New IEEE automotive Ethernet standards are starting to emerge to address those challenges. One of the latest is 10BASE-T1S, which is designed to support new architecture rollouts. Vehicle manufacturers are continuously looking to provide solutions to the latest megatrends in personalization, autonomy and full connectivity as OEMs continue to modify their electrical/electronic (E/E) architectures to support increased functionalities.
10BASE-T1S, which is specified in the IEEE 802.3cg standard, defines a physical layer and data link layer for MAC addresses within Ethernet networks. The physical layer provides connections to nodes or devices such as routers, switches, and hubs.
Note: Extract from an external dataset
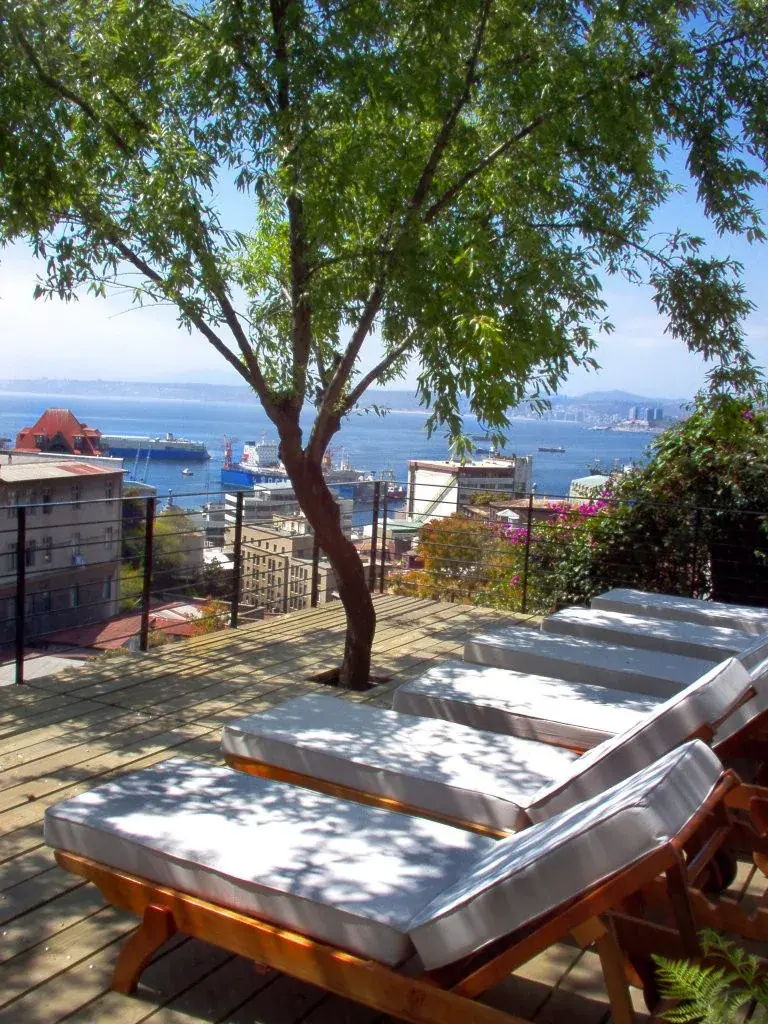 A terrace with loungers overlooking the bay of Valparaíso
Broken down, the “10” represents the maximum transmission speed (10 Mb/s), “BASE” refers to baseband signaling, and “T1” denotes single twisted-pair cabling. The specification is designed to provide a multi-drop transmission medium that can handle at least eight transceiver nodes or devices at distances of 25 meters or more. The “S” means a short length or short reach.
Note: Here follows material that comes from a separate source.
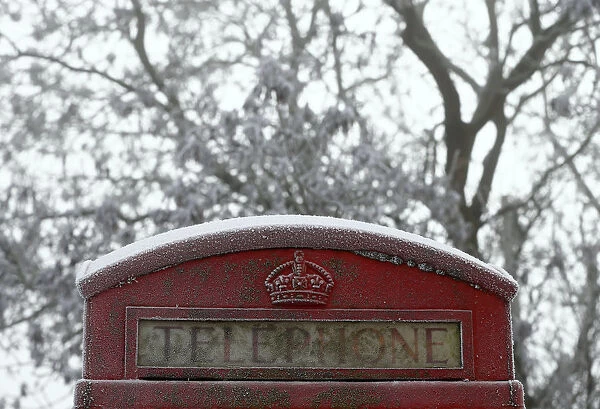 A frost covered telephone box stands in Newhaven, central England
With 10BASE-T1S, standard Ethernet communication no longer needs gateways to connect incompatible communication or embedded systems. It also increases scalability, as several nodes can operate on the same bus line without sacrificing data throughput.
One of the unique aspects of the standard is a physical-layer collision-avoidance ability, which prevents data traffic from jamming or overwhelming nodes. This provides maximum latency for data throughput dictated by the number of nodes on the network and the amount of data to be transmitted.
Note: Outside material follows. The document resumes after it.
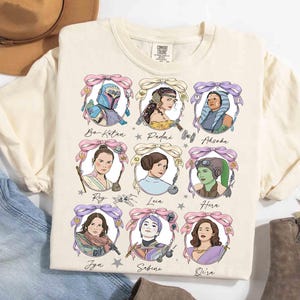 May include: Cream-coloured t-shirt featuring illustrations of Star Wars female characters, each framed with a decorative border and a bow. Characters include Bo-Katan, Padmé, Ahsoka, Rey, Leia, Hera, Jyn, Sabine, and Qi'ra. The shirt is made of a soft material.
Each node in the network is assigned an opportunity to transmit. However, if that node has no data to transmit, it hands over priority to the next node, ensuring maximum utilization of speeds and throughput.
It’s also possible to provide power over the 10BASE-T1S network (known as PoDL/Power over Data Lines) as it's an ac-coupled system, which reduces the amount of cable needed for vehicle networks. It also shrinks connector sizes and increases reliability to the system.
10BASE-T1S Will Drive AE into the Future
The 10BASE-T1S standard will allow automotive Ethernet to expand and evolve along with embedded electronics. This, in turn, will enable vehicle E/E systems to evolve as well with new feature sets, such as multi-drop physical layers, low latencies, and efficient bandwidth utilization.
Automotive suppliers have already started producing 10BASE-T1S components, and new system designs are underway to implement those new devices, as the necessary tools are already available.
10BASE-T1S also allows manufacturers to implement Ethernet-to-the-edge connectivity. One of the key connections in some modern vehicles includes telematics control units (TCUs), an embedded system that handles wireless connectivity to cloud services for any number of applications. The standard optimizes that connectivity; thus, connected nodes can send and receive data in the cloud for everything from tracking to firmware updates.
That said, hurdles must be overcome before the 10BASE-T1S standard is implemented across the entire automotive spectrum, including the notion that the standard will add cost and complexity when designing embedded systems and devices. Suppliers are, of course, working with OEMs to make sure system requirements are addressed before heading to the market.